(MATERIALS PROVIDED)

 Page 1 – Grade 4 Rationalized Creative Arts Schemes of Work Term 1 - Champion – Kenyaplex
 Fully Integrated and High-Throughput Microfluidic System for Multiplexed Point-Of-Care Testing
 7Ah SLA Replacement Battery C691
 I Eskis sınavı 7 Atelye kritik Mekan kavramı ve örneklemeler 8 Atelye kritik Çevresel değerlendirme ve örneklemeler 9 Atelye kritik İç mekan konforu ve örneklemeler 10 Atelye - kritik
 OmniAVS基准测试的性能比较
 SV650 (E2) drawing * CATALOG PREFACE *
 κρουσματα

---

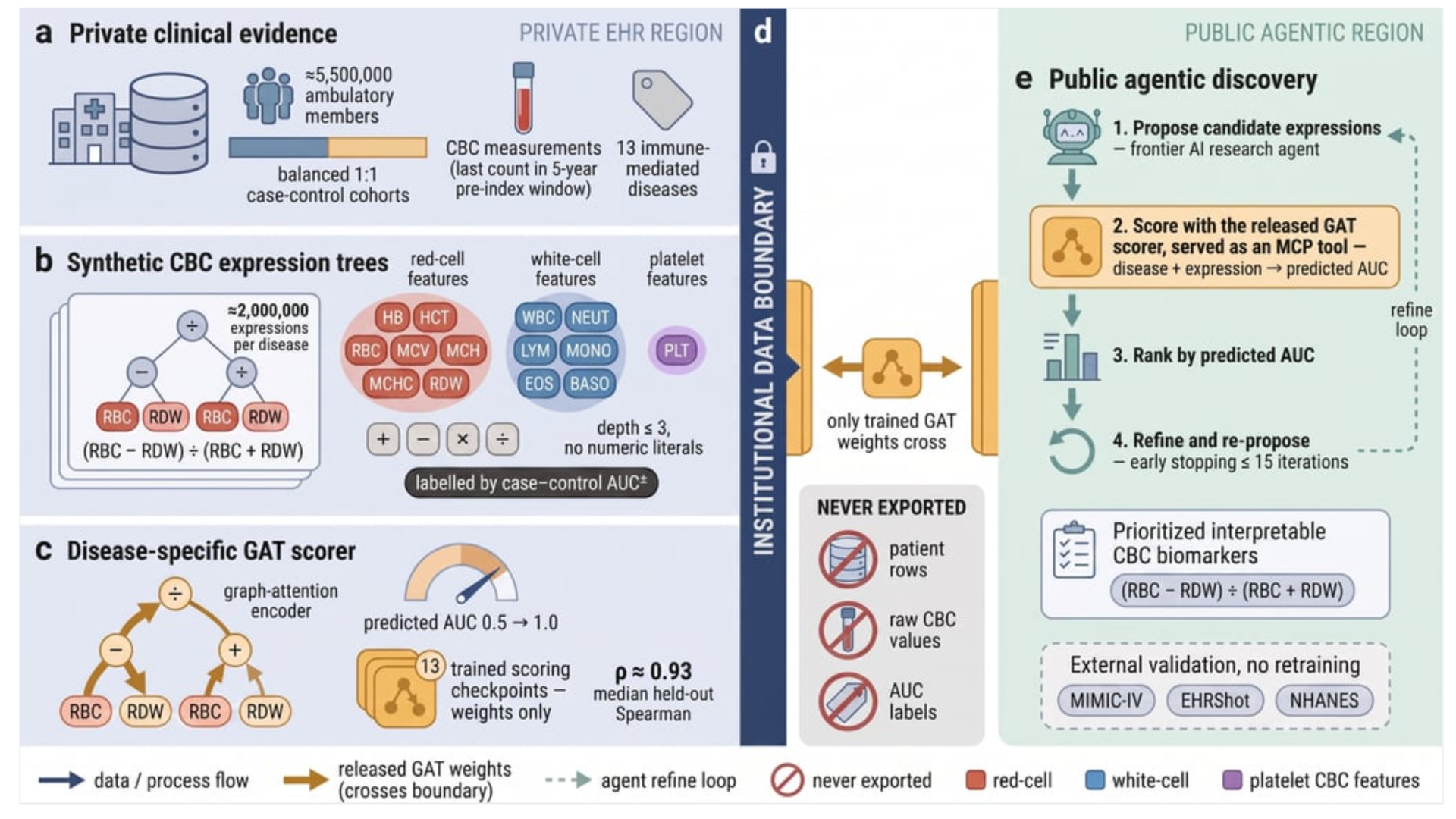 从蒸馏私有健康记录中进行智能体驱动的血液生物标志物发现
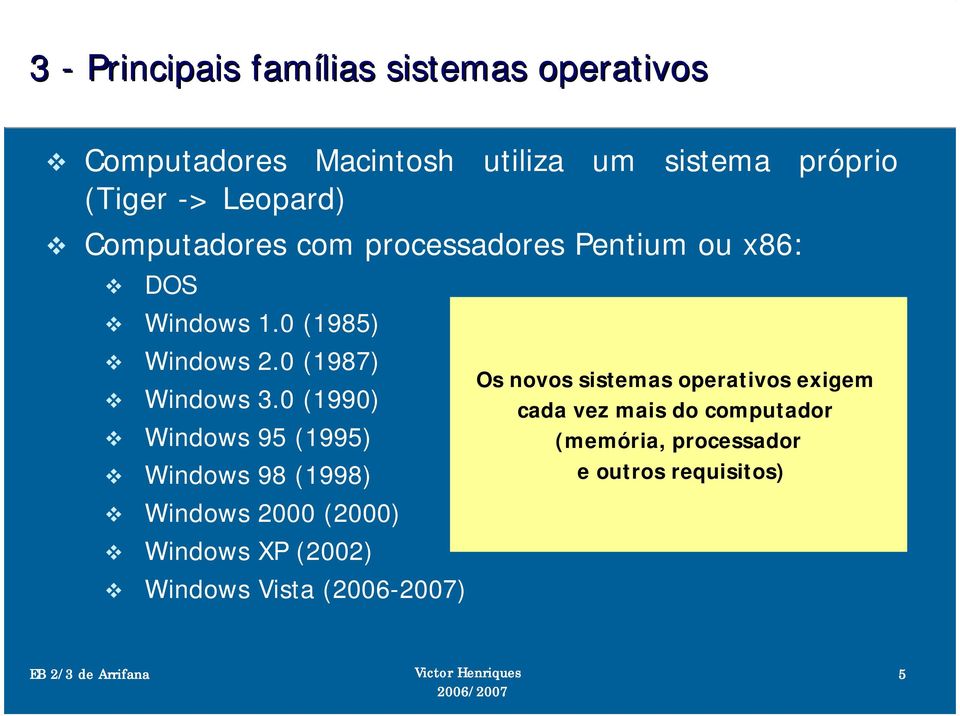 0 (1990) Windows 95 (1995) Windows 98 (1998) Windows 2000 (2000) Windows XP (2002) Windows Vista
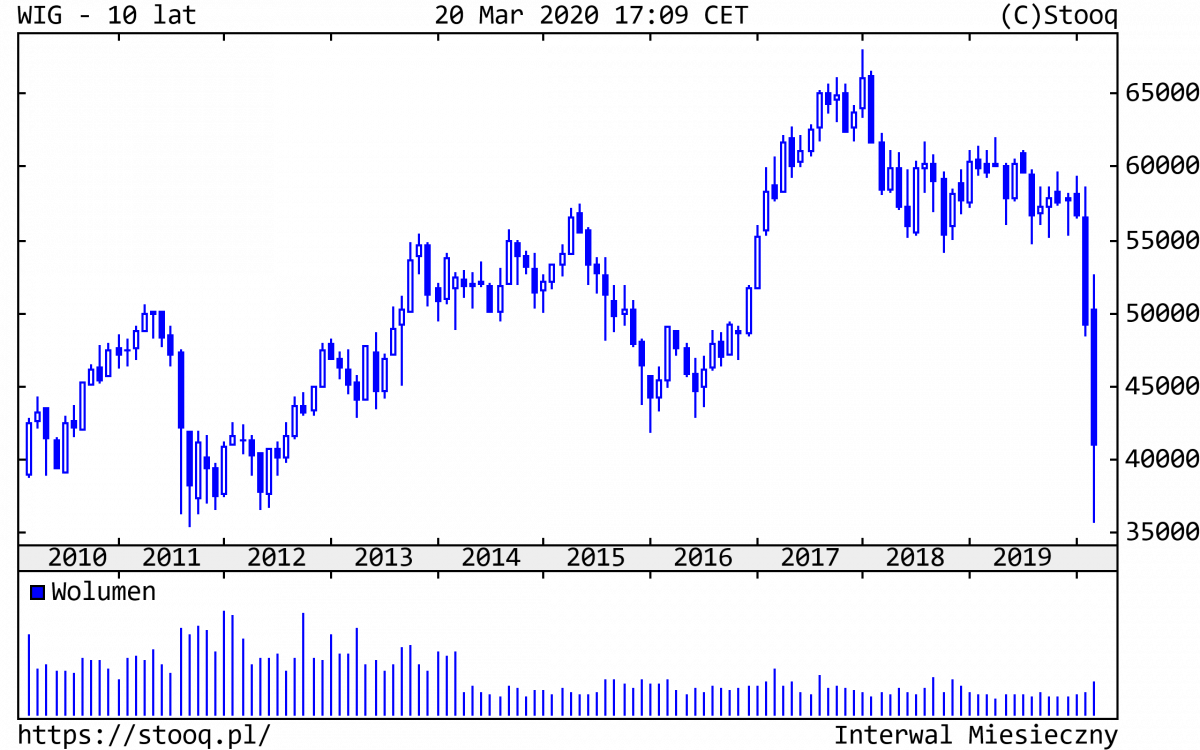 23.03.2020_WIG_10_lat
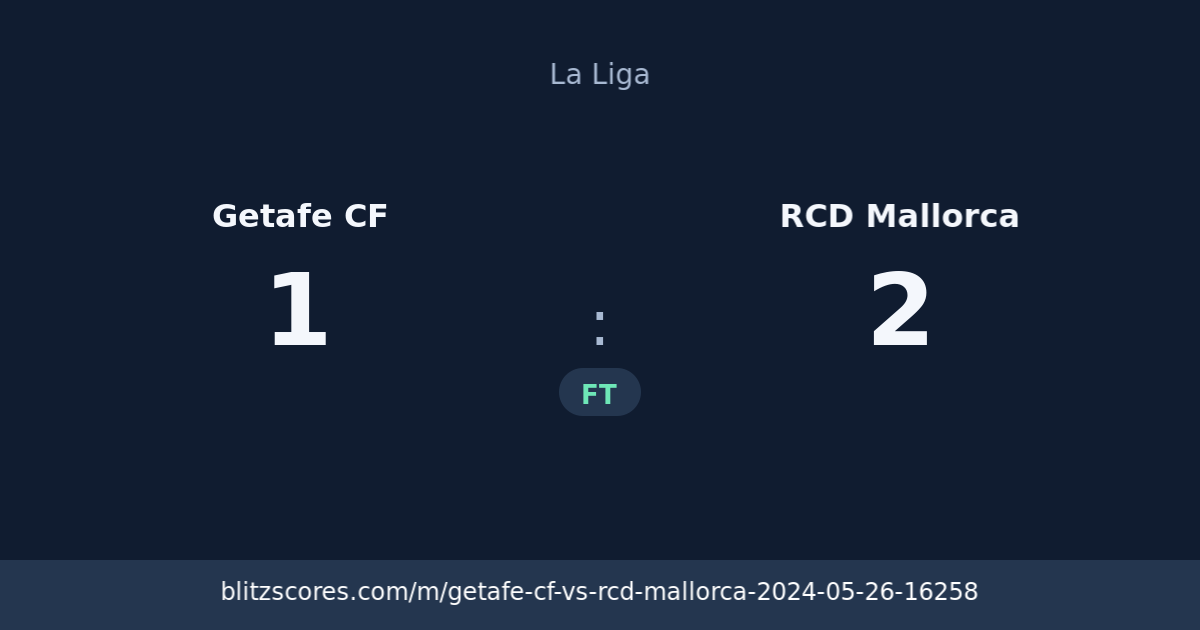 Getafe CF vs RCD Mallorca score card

(PROBLEM DESCRIPTION)
Start with the line with "0 (1990) Windows" in the listing above and stop after the line with "Getafe CF vs RCD Mallorca score card". Write out exactly the lines in that stretch and no others, without pictures.

(ANSWER TO THIS PROBLEM)
 0 (1990) Windows 95 (1995) Windows 98 (1998) Windows 2000 (2000) Windows XP (2002) Windows Vista
 23.03.2020_WIG_10_lat
 Getafe CF vs RCD Mallorca score card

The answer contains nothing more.